(INPUT DATA begins)

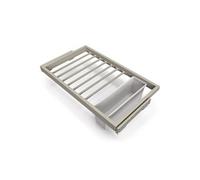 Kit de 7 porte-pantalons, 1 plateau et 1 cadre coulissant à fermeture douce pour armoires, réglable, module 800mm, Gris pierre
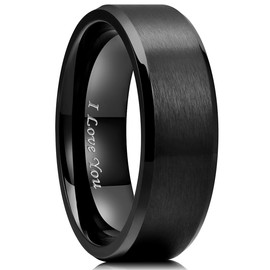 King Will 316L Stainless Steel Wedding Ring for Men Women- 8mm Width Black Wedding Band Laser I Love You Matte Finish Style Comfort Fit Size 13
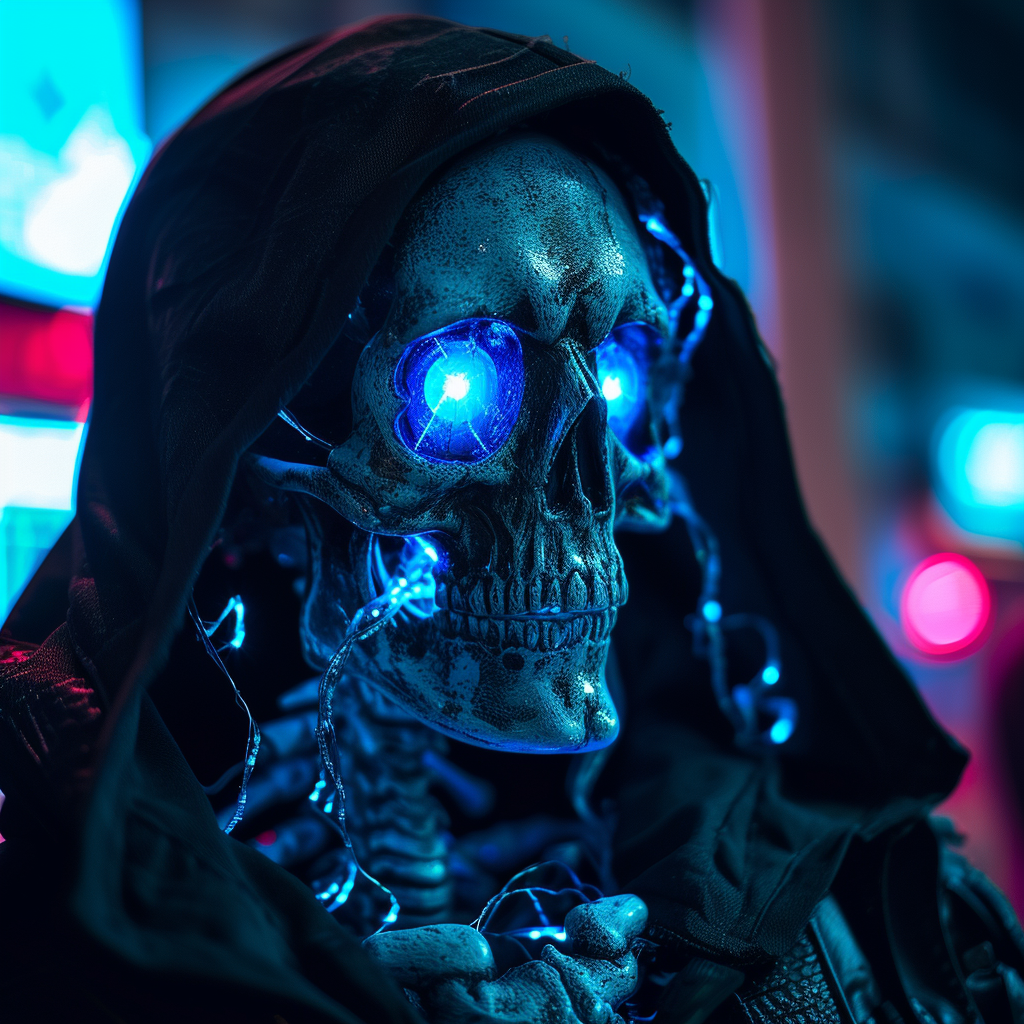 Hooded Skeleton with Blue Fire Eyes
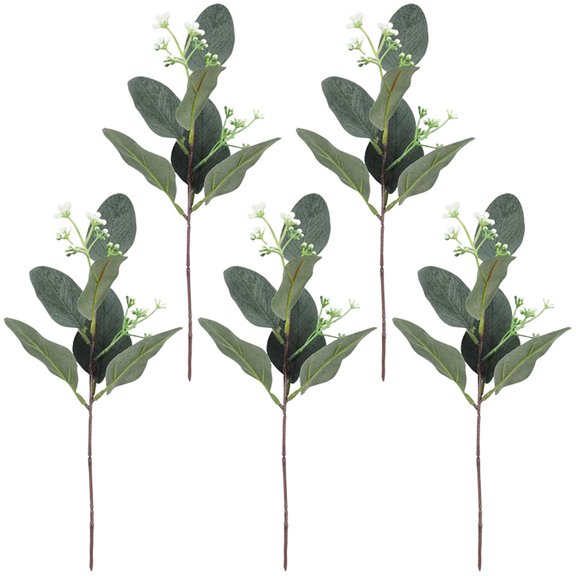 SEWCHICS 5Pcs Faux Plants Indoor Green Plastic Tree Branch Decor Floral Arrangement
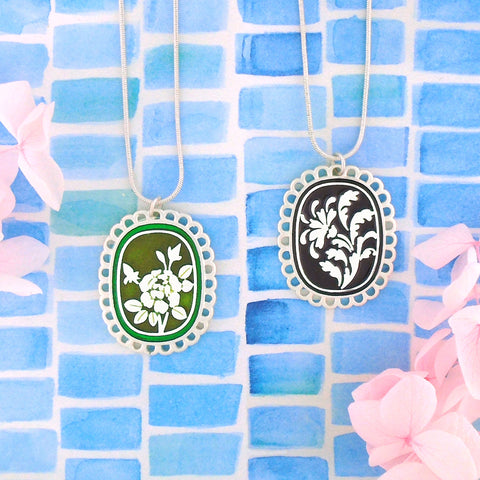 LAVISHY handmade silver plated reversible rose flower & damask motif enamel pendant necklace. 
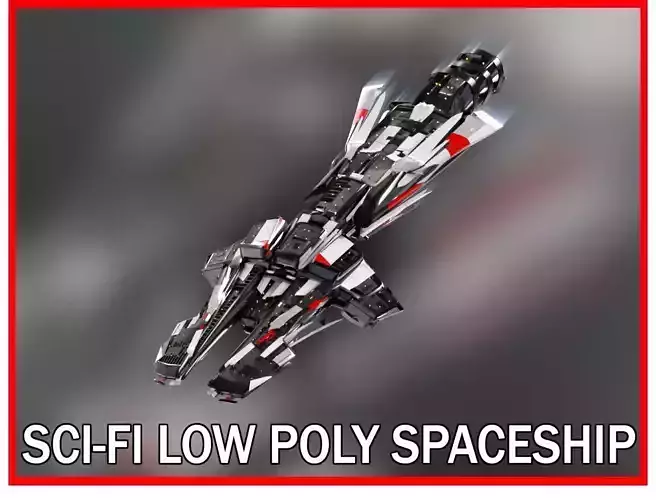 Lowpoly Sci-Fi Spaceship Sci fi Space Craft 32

(INPUT DATA ends)
(INPUT DATA begins)

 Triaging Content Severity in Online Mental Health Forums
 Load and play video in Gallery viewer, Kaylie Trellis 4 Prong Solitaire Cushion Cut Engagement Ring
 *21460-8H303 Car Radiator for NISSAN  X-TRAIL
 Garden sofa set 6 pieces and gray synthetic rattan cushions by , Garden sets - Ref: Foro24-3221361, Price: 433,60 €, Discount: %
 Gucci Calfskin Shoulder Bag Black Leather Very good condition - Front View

(INPUT DATA ends)
(INPUT DATA begins)

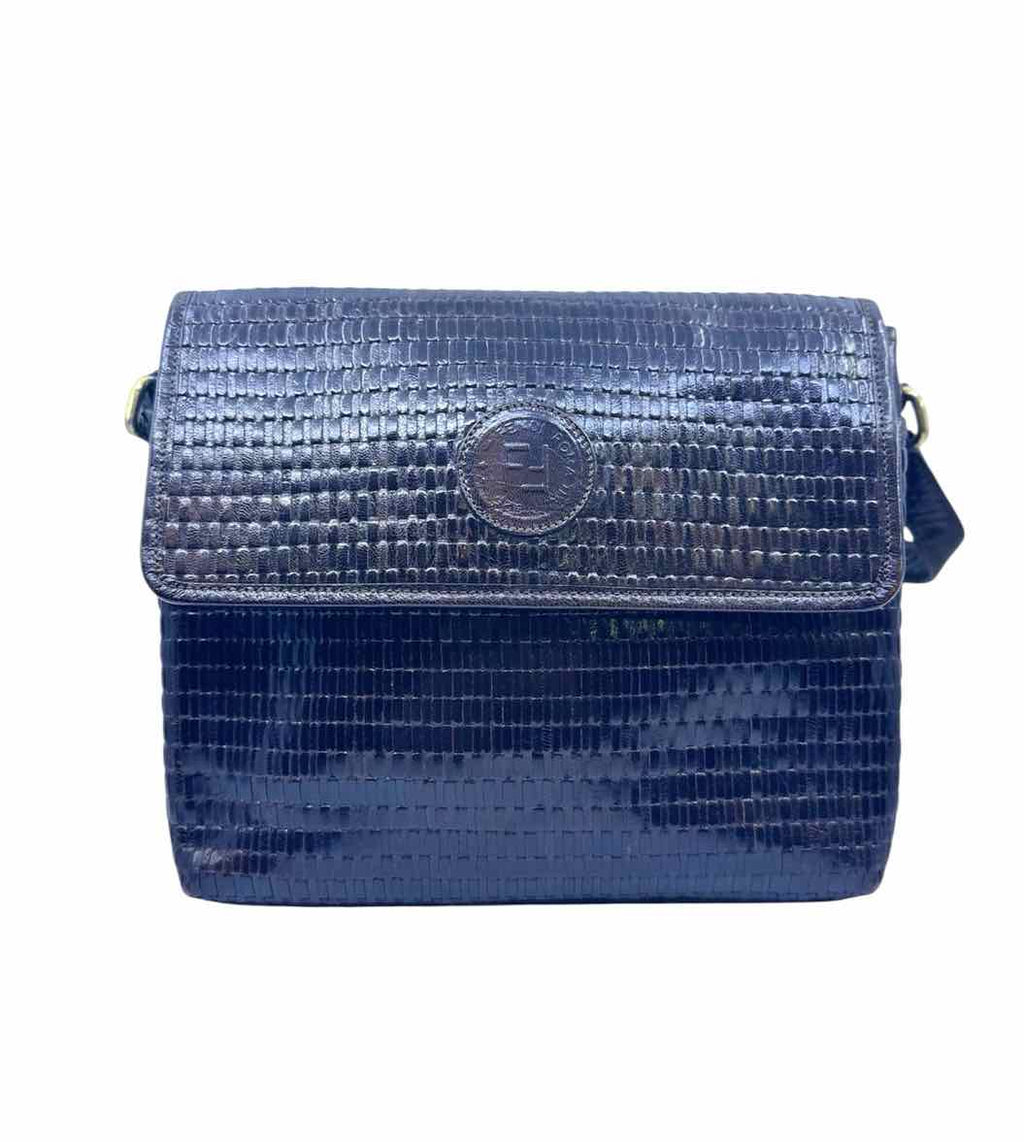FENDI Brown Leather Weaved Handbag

(INPUT DATA ends)

> _ASSIGNED TASK_
In the listing above, find the line with "Kit de 7 porte-pantalons, 1" and the line with "Lowpoly Sci-Fi Spaceship". Copy both of them and every line between, exactly, but not the pictures.

> _ANSWER TO THIS PROBLEM_
 Kit de 7 porte-pantalons, 1 plateau et 1 cadre coulissant à fermeture douce pour armoires, réglable, module 800mm, Gris pierre
 King Will 316L Stainless Steel Wedding Ring for Men Women- 8mm Width Black Wedding Band Laser I Love You Matte Finish Style Comfort Fit Size 13
 Hooded Skeleton with Blue Fire Eyes
 SEWCHICS 5Pcs Faux Plants Indoor Green Plastic Tree Branch Decor Floral Arrangement
 LAVISHY handmade silver plated reversible rose flower & damask motif enamel pendant necklace. 
 Lowpoly Sci-Fi Spaceship Sci fi Space Craft 32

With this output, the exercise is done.